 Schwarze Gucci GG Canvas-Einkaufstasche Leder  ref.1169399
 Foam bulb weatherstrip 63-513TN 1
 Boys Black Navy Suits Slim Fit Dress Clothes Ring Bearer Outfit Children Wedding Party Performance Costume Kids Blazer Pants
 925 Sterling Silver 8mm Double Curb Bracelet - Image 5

* * *

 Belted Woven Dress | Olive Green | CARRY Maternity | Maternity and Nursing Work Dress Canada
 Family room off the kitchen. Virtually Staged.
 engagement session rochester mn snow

--

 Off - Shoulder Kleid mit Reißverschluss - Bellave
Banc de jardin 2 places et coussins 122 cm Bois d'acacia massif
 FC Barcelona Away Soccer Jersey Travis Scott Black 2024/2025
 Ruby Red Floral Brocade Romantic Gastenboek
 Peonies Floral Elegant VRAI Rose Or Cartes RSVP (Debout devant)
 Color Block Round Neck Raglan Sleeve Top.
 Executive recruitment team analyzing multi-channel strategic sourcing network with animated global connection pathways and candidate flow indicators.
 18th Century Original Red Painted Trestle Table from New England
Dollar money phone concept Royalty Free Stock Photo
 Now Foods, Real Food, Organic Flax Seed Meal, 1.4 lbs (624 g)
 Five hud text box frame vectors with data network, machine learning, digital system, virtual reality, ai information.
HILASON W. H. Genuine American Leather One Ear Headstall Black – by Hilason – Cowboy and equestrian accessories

§ **Your task**
Print exactly the lines above from the one with "Now Foods, Real" to the one with "Five hud text", including both.

§ **Solved exercise**
 Now Foods, Real Food, Organic Flax Seed Meal, 1.4 lbs (624 g)
 Five hud text box frame vectors with data network, machine learning, digital system, virtual reality, ai information.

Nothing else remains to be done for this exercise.